No one is suggesting Japan and South Korea form their own alliance, which would be totally impossible in an atmosphere of recriminations going deep into history, but there are innumerable ways to bring the two countries closer together. Both, after all, are within easy missile range of North Korea, which shows no sign of giving up its arsenal regardless of whether they’re only testing “projectiles,” as Trump said in Tokyo, or honest-to-goodness missiles, as claimed by his security adviser, John Bolton, and Japan’s Prime Minister Shinzo Abe.
South Korea and Japan might also share common cause in abduction of their citizens by North Korea. Several hundred South Korean fishermen, captured on or near North Korean waters, remain in North Korea as do South Koreans kidnapped off beaches and the pilot, co-pilot, two hostesses and seven passengers of a Korean Air plane hijacked on a domestic flight nearly half a century ago. Moon has remained silent on the fate of South Koreans held in North Korea while the Japanese have waged a crusade on behalf of several dozen Japanese kidnapped to North Korea whose fate remains largely unknown.
Trump’s visit to Japan may have produced little of substance but was laden with symbolic value reflecting the depth of the U.S.-Japan alliance. The call that he and first lady Melania paid on the newly ensconced Emperor Naruhito and Empress Masako was greeted with euphoria by Japanese even if just a photo-op in the American media. Trump will be back in Japan near the end of June when he joins other heads of state at the G20 summit in Osaka, a chance to haggle over economic differences.
The U.S. relationship with Japan is inseparable from that of the U.S. alliance with South Korea.
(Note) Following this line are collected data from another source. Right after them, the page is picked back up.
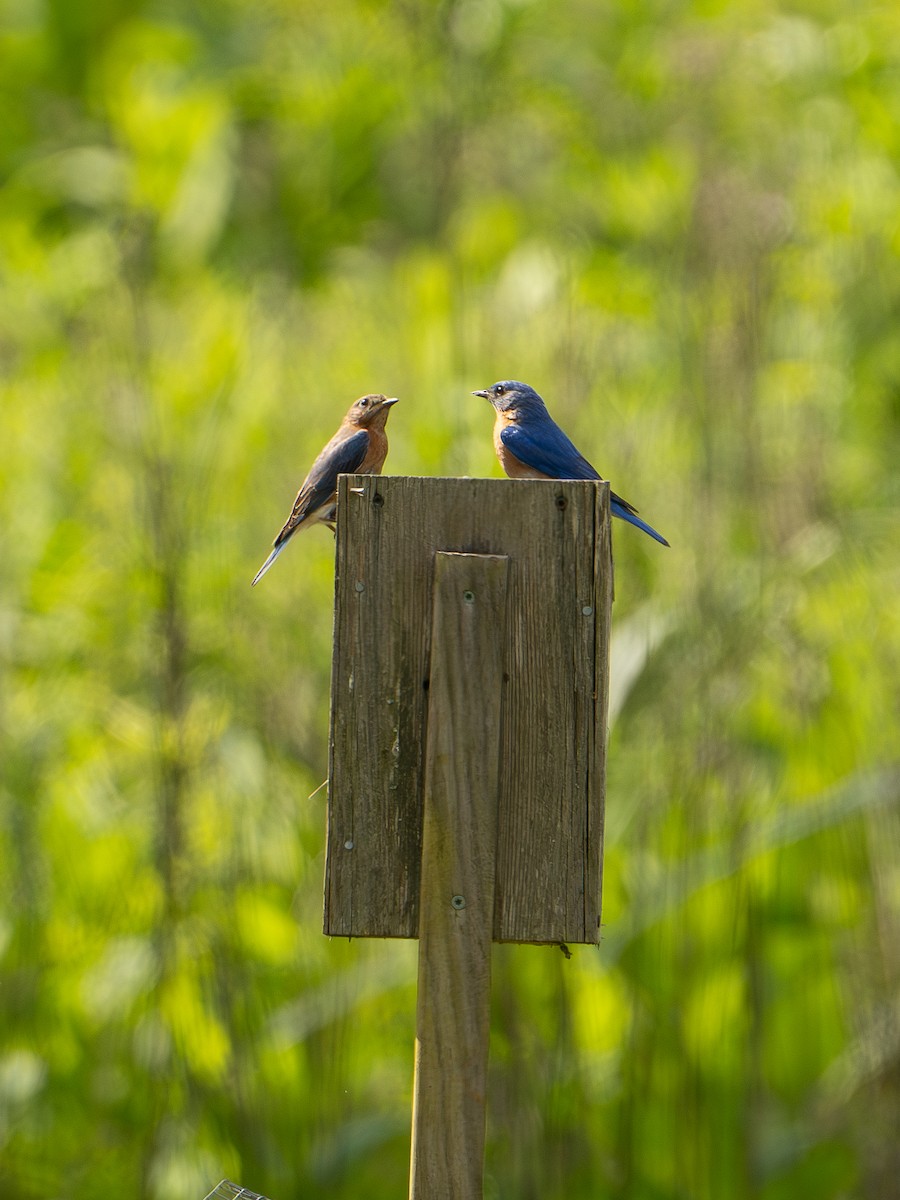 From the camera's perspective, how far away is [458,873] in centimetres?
230

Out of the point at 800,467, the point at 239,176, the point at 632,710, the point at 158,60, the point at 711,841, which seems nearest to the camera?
the point at 711,841

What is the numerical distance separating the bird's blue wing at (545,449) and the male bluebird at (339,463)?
0.93 ft

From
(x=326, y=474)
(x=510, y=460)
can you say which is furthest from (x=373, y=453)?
(x=510, y=460)

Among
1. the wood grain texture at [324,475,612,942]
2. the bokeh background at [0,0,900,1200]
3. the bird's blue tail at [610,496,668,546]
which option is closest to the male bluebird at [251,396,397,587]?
the bird's blue tail at [610,496,668,546]

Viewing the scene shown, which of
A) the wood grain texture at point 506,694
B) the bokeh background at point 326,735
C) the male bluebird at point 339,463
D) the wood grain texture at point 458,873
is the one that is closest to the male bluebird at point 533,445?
the male bluebird at point 339,463

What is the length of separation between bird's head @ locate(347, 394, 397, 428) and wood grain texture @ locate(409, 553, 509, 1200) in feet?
3.71

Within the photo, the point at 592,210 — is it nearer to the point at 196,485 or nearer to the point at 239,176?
the point at 196,485

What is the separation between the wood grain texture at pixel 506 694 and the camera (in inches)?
92.0

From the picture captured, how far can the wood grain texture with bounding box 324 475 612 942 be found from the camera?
2336 mm

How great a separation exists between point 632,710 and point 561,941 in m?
2.53

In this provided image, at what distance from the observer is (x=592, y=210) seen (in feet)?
24.3

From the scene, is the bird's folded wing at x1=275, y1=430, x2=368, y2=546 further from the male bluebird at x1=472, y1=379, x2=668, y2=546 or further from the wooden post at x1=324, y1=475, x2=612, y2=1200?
the wooden post at x1=324, y1=475, x2=612, y2=1200

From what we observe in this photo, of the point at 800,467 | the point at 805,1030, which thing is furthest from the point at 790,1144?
the point at 800,467

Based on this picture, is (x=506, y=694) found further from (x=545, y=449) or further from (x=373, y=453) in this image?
(x=373, y=453) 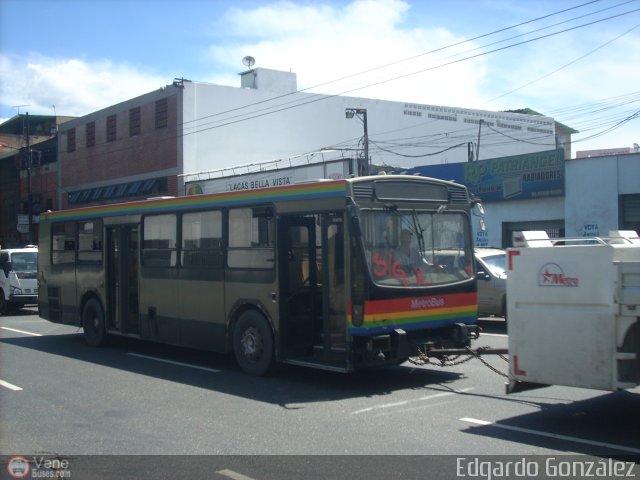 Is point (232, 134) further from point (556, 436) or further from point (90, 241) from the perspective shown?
point (556, 436)

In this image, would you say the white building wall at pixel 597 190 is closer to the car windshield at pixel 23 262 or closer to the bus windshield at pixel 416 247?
the bus windshield at pixel 416 247

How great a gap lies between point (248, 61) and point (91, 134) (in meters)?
11.6

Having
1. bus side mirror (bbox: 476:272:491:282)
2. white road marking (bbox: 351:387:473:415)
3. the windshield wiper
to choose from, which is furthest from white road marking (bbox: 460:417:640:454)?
bus side mirror (bbox: 476:272:491:282)

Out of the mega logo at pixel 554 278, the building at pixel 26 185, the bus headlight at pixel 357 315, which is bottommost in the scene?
the bus headlight at pixel 357 315

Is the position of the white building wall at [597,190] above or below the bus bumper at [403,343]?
above

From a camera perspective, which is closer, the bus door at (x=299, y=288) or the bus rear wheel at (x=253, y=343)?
the bus door at (x=299, y=288)

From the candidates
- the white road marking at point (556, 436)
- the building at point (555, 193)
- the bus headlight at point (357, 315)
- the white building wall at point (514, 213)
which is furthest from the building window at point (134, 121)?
the white road marking at point (556, 436)

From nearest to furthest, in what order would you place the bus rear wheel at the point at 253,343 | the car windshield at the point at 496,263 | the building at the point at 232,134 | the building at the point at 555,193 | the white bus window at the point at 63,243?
the bus rear wheel at the point at 253,343 → the white bus window at the point at 63,243 → the car windshield at the point at 496,263 → the building at the point at 555,193 → the building at the point at 232,134

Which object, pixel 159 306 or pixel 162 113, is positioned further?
pixel 162 113

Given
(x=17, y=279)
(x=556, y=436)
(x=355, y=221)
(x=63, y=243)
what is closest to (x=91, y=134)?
(x=17, y=279)

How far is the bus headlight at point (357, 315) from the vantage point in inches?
352

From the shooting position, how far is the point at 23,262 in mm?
23828

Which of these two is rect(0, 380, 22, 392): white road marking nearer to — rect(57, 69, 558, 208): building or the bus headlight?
the bus headlight

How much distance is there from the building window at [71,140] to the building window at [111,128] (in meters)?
5.17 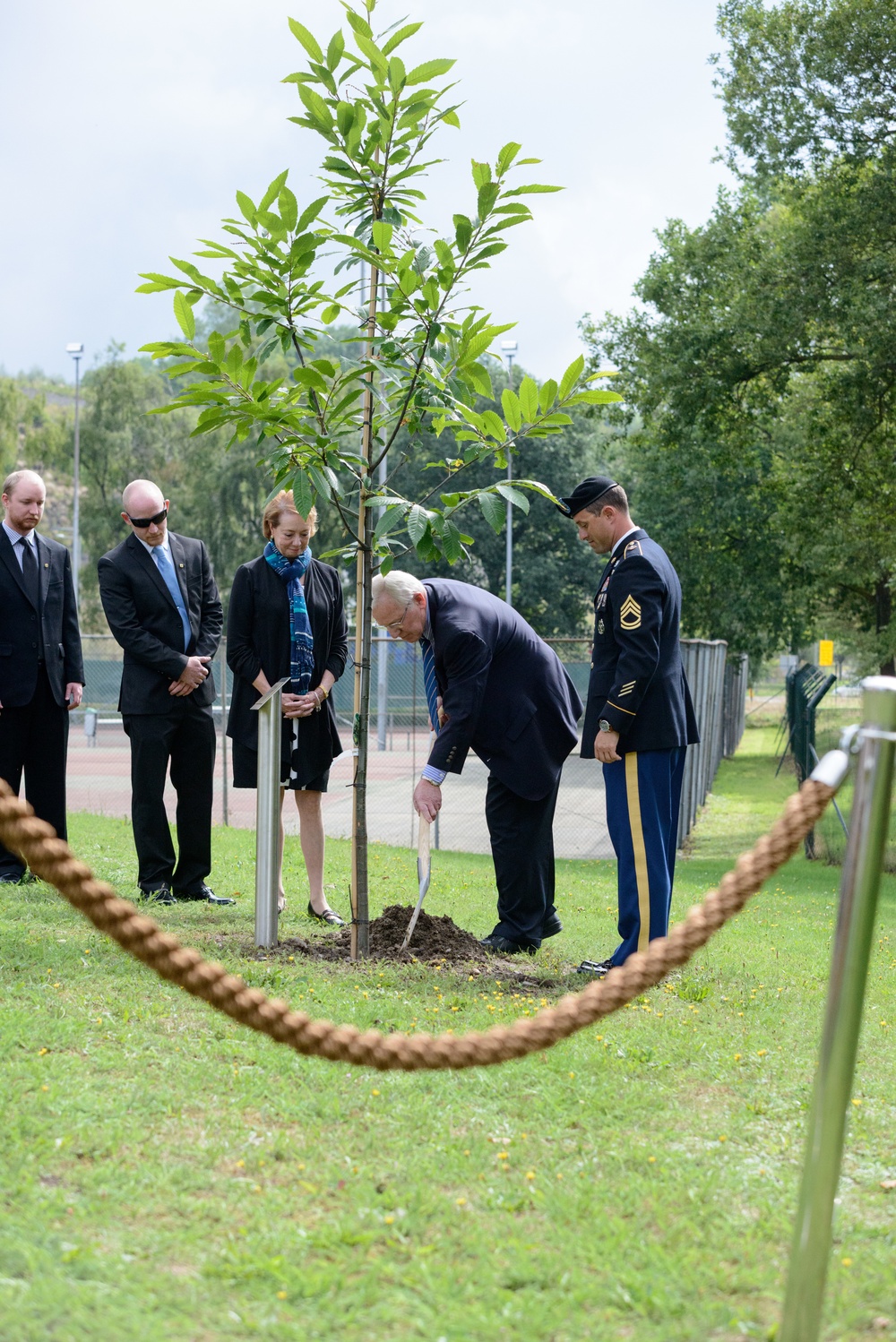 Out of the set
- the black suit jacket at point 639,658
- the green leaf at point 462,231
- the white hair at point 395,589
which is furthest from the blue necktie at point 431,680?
the green leaf at point 462,231

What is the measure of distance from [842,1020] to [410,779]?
14.2 m

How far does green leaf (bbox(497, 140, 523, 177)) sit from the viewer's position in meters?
4.61

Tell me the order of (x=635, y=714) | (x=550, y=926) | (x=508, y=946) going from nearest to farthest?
(x=635, y=714)
(x=508, y=946)
(x=550, y=926)

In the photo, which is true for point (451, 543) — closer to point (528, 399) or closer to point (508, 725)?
point (528, 399)

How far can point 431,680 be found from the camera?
559cm

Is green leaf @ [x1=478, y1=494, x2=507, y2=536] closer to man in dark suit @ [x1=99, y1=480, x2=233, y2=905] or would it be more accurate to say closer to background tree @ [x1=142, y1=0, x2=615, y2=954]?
background tree @ [x1=142, y1=0, x2=615, y2=954]

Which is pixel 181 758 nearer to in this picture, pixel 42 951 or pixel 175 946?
pixel 42 951

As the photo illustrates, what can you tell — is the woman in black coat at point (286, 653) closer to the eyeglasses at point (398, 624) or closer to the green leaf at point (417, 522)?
the eyeglasses at point (398, 624)

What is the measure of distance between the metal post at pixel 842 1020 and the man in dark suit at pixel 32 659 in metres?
5.22

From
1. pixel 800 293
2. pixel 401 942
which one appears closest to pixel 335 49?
pixel 401 942

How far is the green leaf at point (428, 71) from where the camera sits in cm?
461

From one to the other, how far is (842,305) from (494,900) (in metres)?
9.70

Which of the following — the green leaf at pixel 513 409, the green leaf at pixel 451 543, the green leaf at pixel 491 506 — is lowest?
the green leaf at pixel 451 543

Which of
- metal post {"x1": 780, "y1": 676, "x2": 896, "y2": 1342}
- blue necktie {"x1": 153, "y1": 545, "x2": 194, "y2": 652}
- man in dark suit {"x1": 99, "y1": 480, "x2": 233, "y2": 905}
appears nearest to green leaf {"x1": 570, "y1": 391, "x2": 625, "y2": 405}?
man in dark suit {"x1": 99, "y1": 480, "x2": 233, "y2": 905} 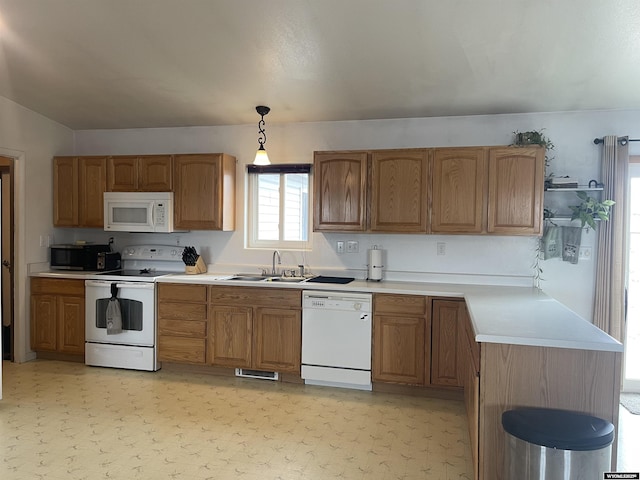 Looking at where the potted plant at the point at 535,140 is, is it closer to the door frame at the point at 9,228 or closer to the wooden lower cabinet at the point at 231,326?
the wooden lower cabinet at the point at 231,326

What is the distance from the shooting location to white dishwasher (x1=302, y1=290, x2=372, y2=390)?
3.81 metres

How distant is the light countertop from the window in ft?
1.99

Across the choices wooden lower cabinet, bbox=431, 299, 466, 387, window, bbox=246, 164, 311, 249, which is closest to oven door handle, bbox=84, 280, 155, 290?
window, bbox=246, 164, 311, 249

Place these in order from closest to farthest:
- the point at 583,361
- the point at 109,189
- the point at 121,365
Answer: the point at 583,361
the point at 121,365
the point at 109,189

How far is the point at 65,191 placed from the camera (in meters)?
4.80

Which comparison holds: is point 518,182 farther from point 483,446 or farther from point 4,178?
point 4,178

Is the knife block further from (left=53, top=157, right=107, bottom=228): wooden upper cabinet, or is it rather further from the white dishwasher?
the white dishwasher

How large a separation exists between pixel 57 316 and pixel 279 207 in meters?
2.42

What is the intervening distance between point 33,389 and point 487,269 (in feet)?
13.1

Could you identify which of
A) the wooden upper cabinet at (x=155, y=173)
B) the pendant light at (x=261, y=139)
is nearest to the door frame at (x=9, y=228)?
the wooden upper cabinet at (x=155, y=173)

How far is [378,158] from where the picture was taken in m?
4.00

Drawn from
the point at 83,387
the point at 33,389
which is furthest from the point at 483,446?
the point at 33,389

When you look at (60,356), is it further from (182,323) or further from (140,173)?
(140,173)

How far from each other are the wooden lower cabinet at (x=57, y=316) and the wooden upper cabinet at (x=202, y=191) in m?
1.21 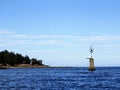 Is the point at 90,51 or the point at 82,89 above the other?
the point at 90,51

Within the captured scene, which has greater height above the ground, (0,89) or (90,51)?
(90,51)

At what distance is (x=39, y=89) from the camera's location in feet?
196

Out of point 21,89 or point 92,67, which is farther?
point 92,67

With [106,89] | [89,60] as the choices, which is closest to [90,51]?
[89,60]

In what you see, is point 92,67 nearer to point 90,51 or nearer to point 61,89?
point 90,51

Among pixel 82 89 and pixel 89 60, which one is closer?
pixel 82 89

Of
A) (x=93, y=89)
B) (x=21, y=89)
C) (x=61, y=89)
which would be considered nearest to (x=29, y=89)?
(x=21, y=89)

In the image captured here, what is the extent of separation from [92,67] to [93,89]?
111 meters

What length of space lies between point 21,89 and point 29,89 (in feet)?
4.30

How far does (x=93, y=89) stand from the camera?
59688 mm

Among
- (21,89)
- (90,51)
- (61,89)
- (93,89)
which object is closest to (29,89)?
(21,89)

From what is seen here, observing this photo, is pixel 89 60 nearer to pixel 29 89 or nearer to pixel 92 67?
pixel 92 67

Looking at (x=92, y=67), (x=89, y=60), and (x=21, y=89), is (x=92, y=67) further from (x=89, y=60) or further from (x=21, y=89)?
(x=21, y=89)

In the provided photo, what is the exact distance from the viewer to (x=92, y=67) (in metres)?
170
It’s against that background that Trump will be seeing Moon in Seoul after the G20. Top item on the agenda should be Moon’s desire for Trump to strike a deal with Kim Jong-un, making up for the failure of the Trump-Kim summit at the end of February.
A Trump-Moon summit will go much more smoothly than would otherwise be possible if the Americans sensed that relations between Japan and South Korea were also improving. Why not a Moon-Abe summit? Such a show of highest-level diplomacy would definitely demonstrate the possibilities for trilateral cooperation.
Kim Jong-un might not like it, but unity among the United States and its two northeast Asian allies should show the utter futility of playing dangerous games with nukes and missiles. He might at least see the advantages of getting along better with Japan as well as South Korea and the United States even if he’s never going to go through with denuclearization.